How are LDF and coalition partners countering the bans on the teaching of race and racism?
LDF is at the forefront of the fight to ensure that America lives up to the ideals of justice and equality for all. The right to free expression and the right to vote are cornerstones of our democracy. Its protection is particularly critical for Black Americans and other marginalized groups who have a long history of battling disenfranchisement.
After former President Trump issued Executive Order 13950, LDF swiftly filed a lawsuit challenging the constitutionality as a violation of the First Amendment guarantee of free speech and the Fifth Amendment guarantees of due process and the equal protection of the law. Learn more about our lawsuit here.

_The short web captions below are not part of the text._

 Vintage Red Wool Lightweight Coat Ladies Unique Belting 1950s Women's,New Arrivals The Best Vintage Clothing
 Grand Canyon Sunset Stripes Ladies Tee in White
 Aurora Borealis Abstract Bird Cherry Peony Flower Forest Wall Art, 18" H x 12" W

The African American Policy Forum launched the #TruthBeTold campaign to document the impact and damage caused by the Executive Order. The campaign underscores the need for deeper engagement on and examination of issues of race, gender, intersectionality, and justice. Learn more about AAPF’s #TruthBeTold campaign here.
Learn more about LDF’s work to protect truth here.

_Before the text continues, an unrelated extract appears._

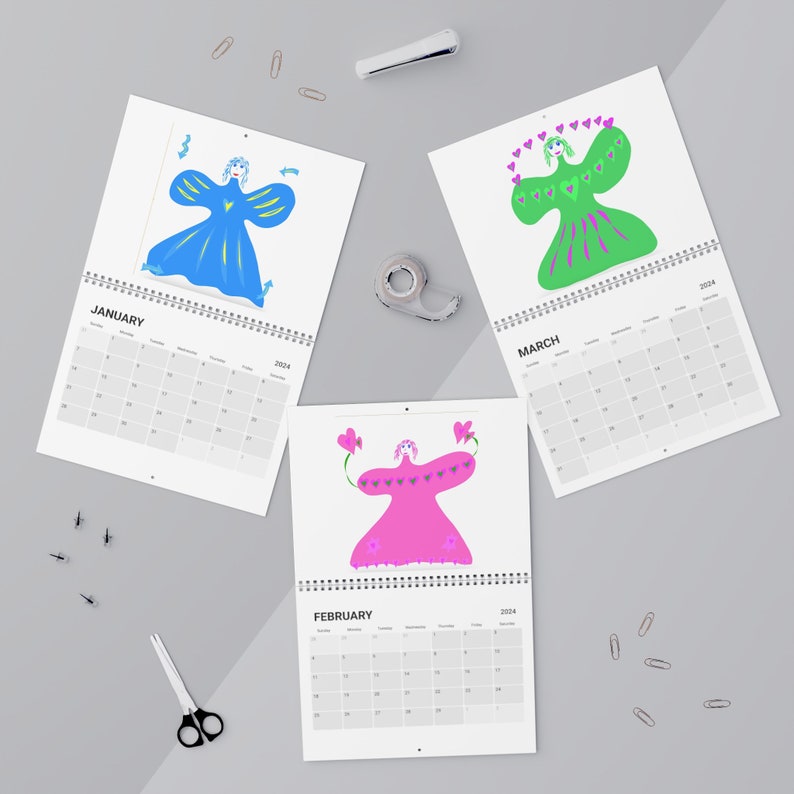 Angel Calendar 2024 Pics Drawn by Carina Etsy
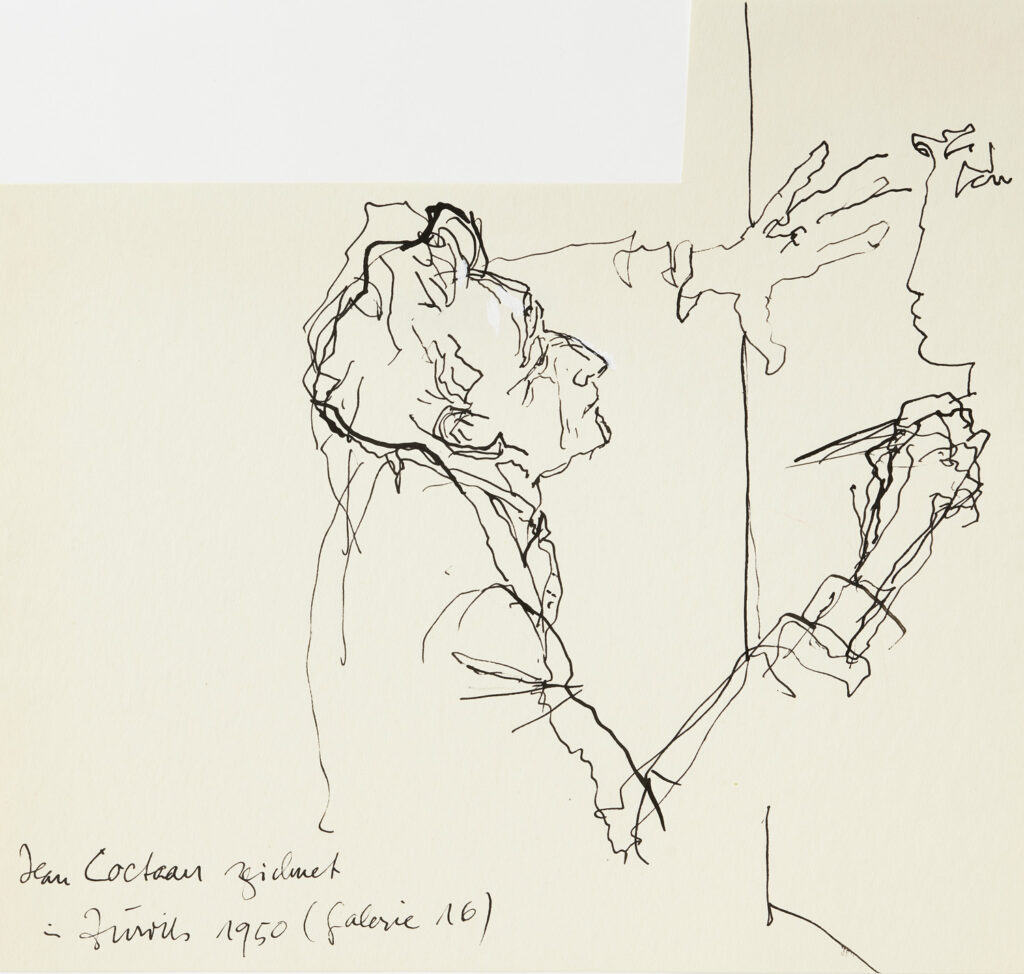 Hanny Fries: Jean Cocteau, 1950, Tusche auf Papier, Inv.Nr. HF 884.3. Foto: Reto Pedrini © Stiftung Righini-Fries Zürich Hanny Fries: Jean Cocteau, 1950, Tusche auf Papier, Inv.Nr. HF 884.3. Foto: Reto Pedrini © Stiftung Righini-Fries Zürich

The African American Policy Forum launched the #TruthBeTold campaign to document the impact and damage caused by the Trump Truth Ban. The campaign underscores the need for deeper engagement on and examination of issues of race, gender, intersectionality, and justice.

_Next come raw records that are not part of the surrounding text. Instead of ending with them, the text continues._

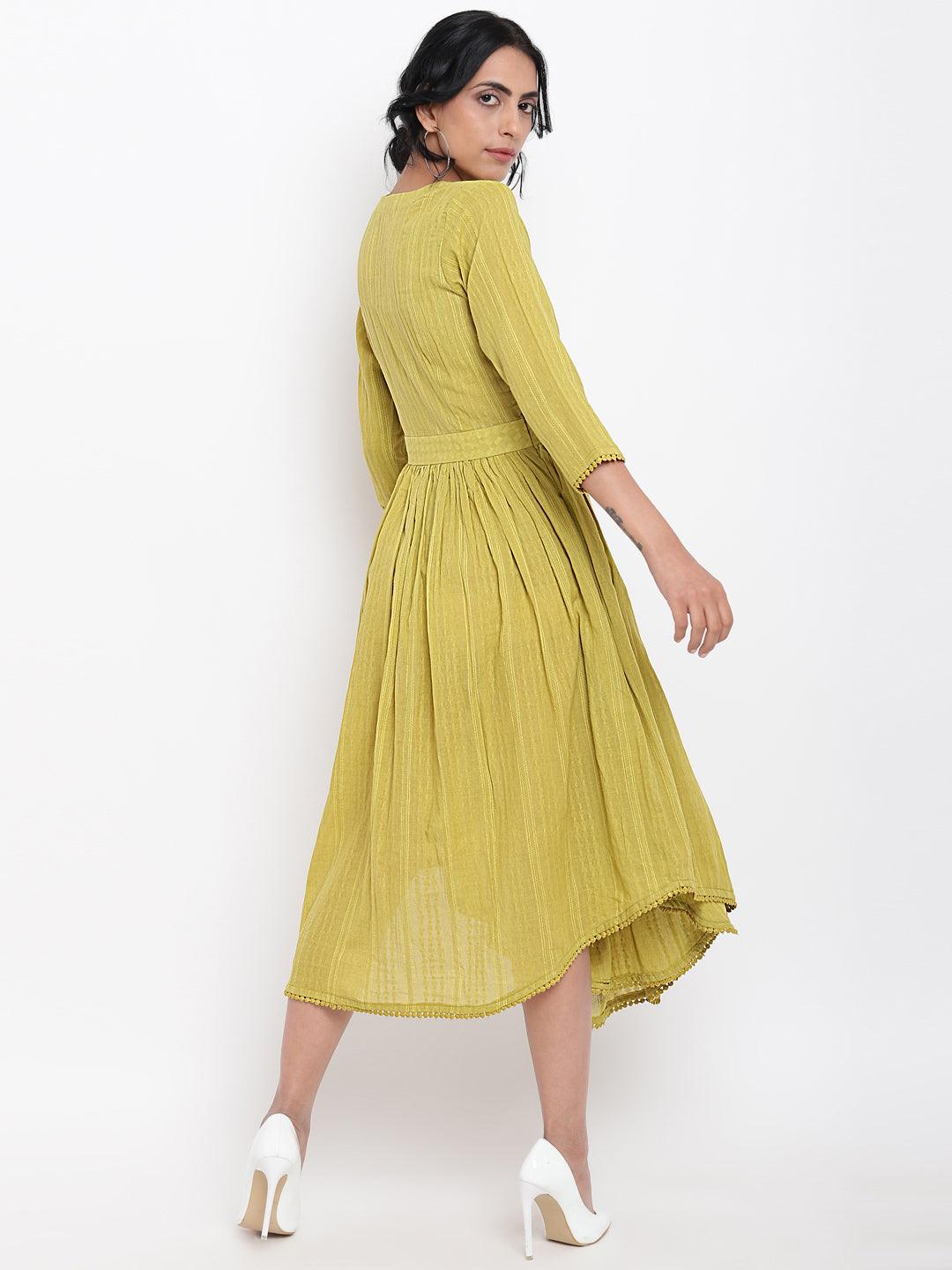 trueBrowns Green Cotton Overlap Flare Dress - Distacart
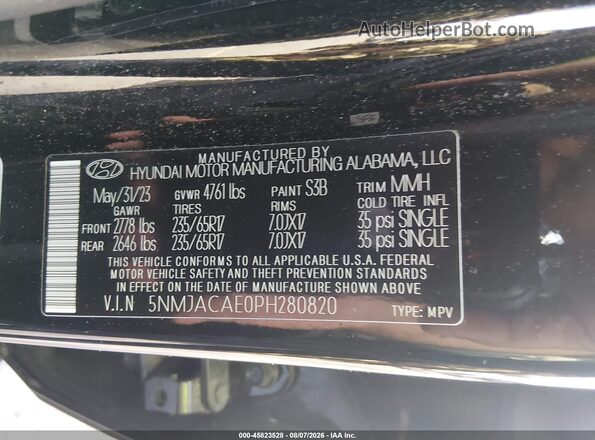 5NMJACAE0PH280820 2023 HYUNDAI TUCSON Black ძრავის განყოფილების ხედი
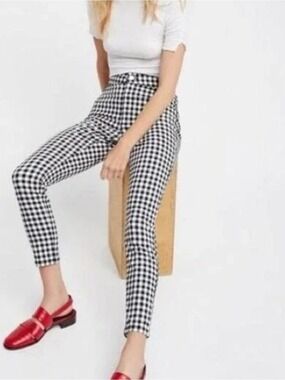 Free People Black & White Gingham ankle pants size 26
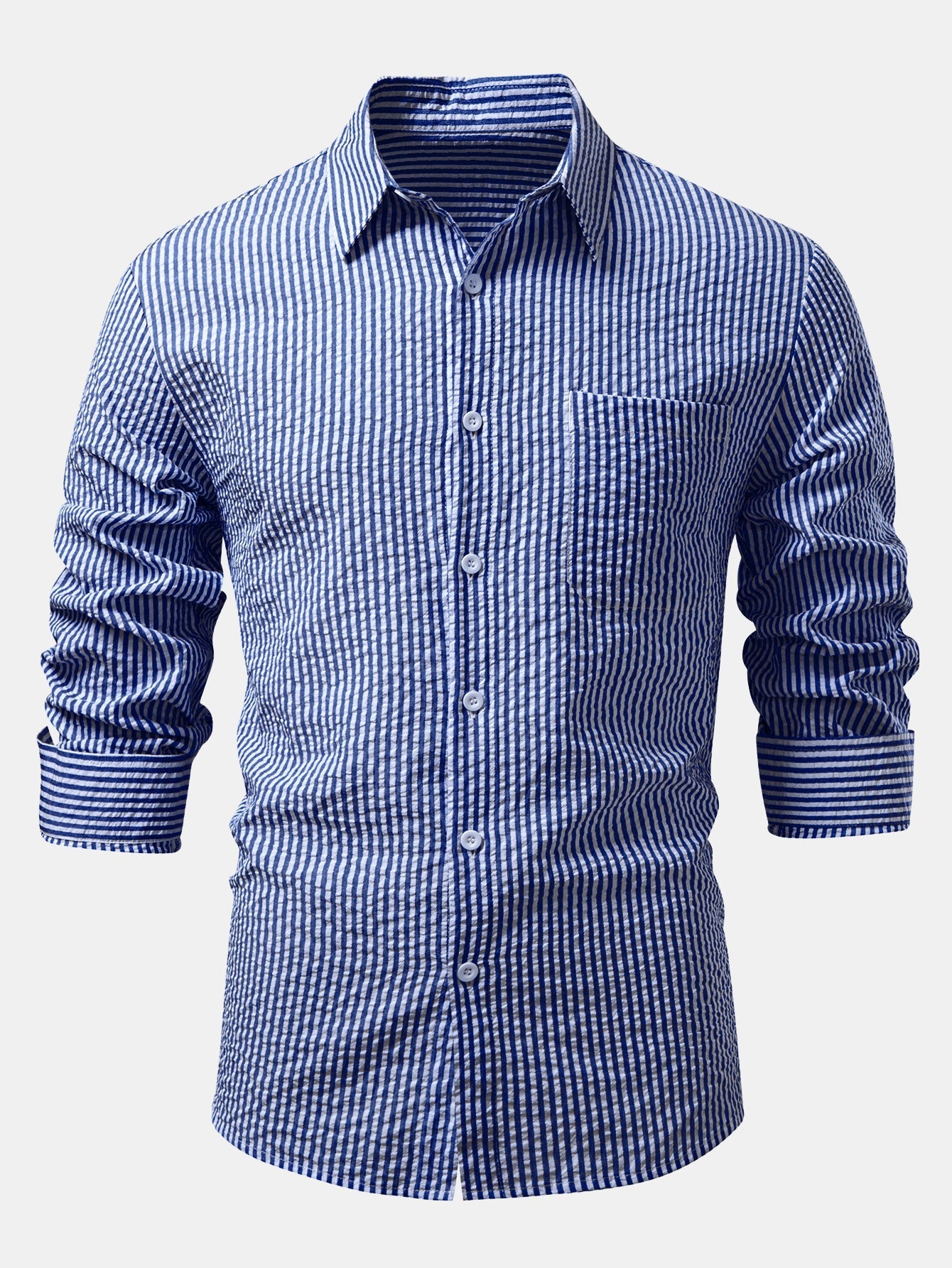 Seersucker Striped Button Up Shirt &amp; Straight Leg Linen Pants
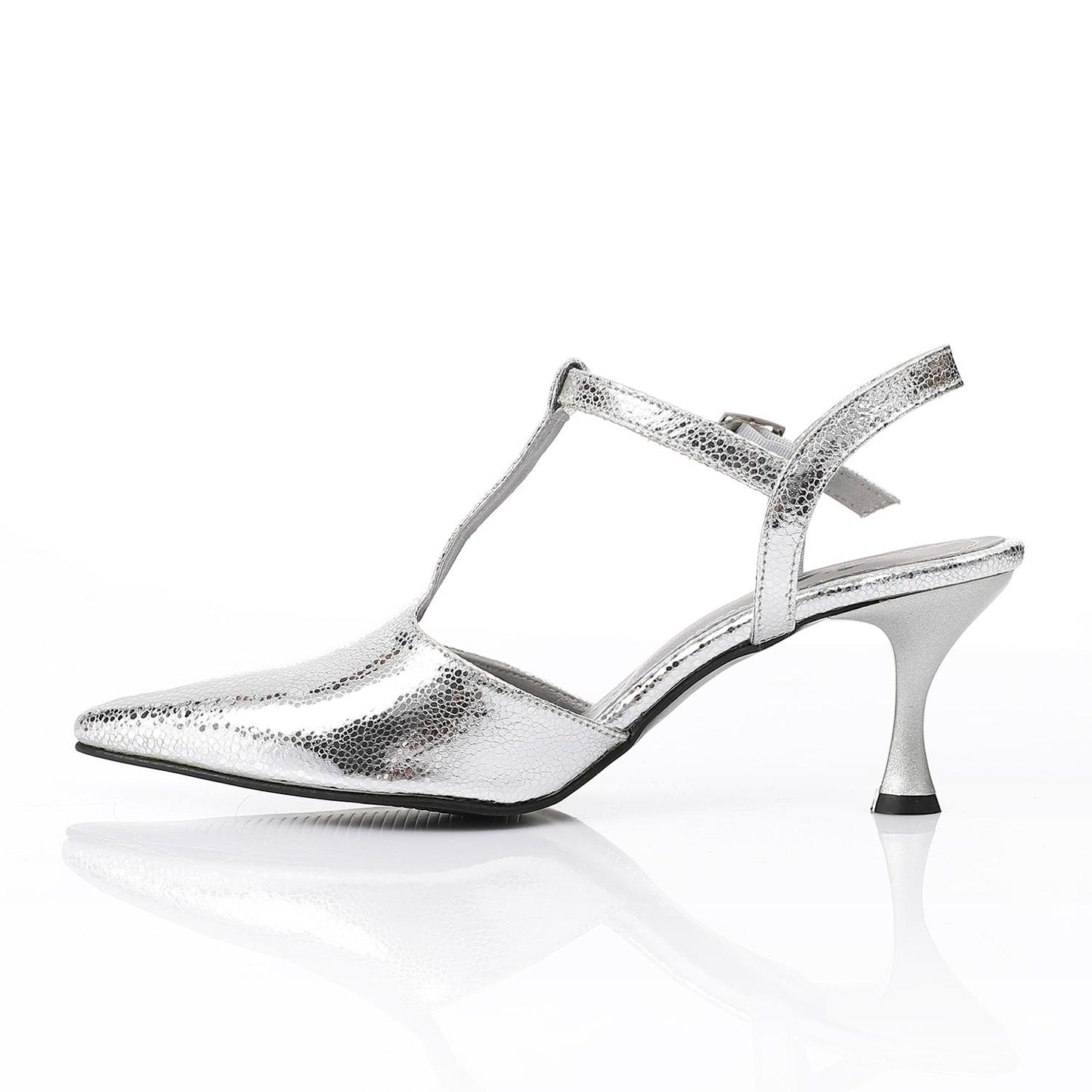 Shiny Silver Leather Pointed Toe Heels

What are the five elements of critical race theory? ›
The Five Tenets of CRT There are five major components or tenets of CRT: (1) the notion that racism is ordinary and not aberrational; (2) the idea of an interest convergence; (3) the social construction of race; (4) the idea of storytelling and counter-storytelling; and (5) the notion that whites have actually been ...Is CRT the same as ethnic studies? ›
Although certain approach- es to ethnic studies may incorporate elements of CRT — as these concepts are both concerned with how race is constructed and the political, historical, social and cultural effects of race and ethnicity — they are not synonymous or interchangeable.What are the main points of critical race theory? ›
Tenets. Scholars of CRT say that race is not "biologically grounded and natural"; rather, it is a socially constructed category used to oppress and exploit people of color; and that racism is not an aberration, but a normalized feature of American society.Is CRT legal in California? ›
California has adopted many aspects of CRT at all levels of education. In March 2021, the state Board of Education passed an ethnic studies curriculum based in large part on CRT that applies to all public schools. It also mandates anti-Zionism, which many critics cite as explicitly anti-Semitic.Is CRT taught in law school? ›
As a technical matter, then, CRT is something that law professors argue and write in academic journals about. It is directly taught only in some law schools, where a seminar might be offered to upper division students as an elective.What is social construction of race? ›
The social construction of race is fundamentally a story of power, in which those in positions of political, eco- nomic, and social authority create and recreate categories of difference and assign meaning and value on the basis of those categories to maintain and naturalize their own dominance.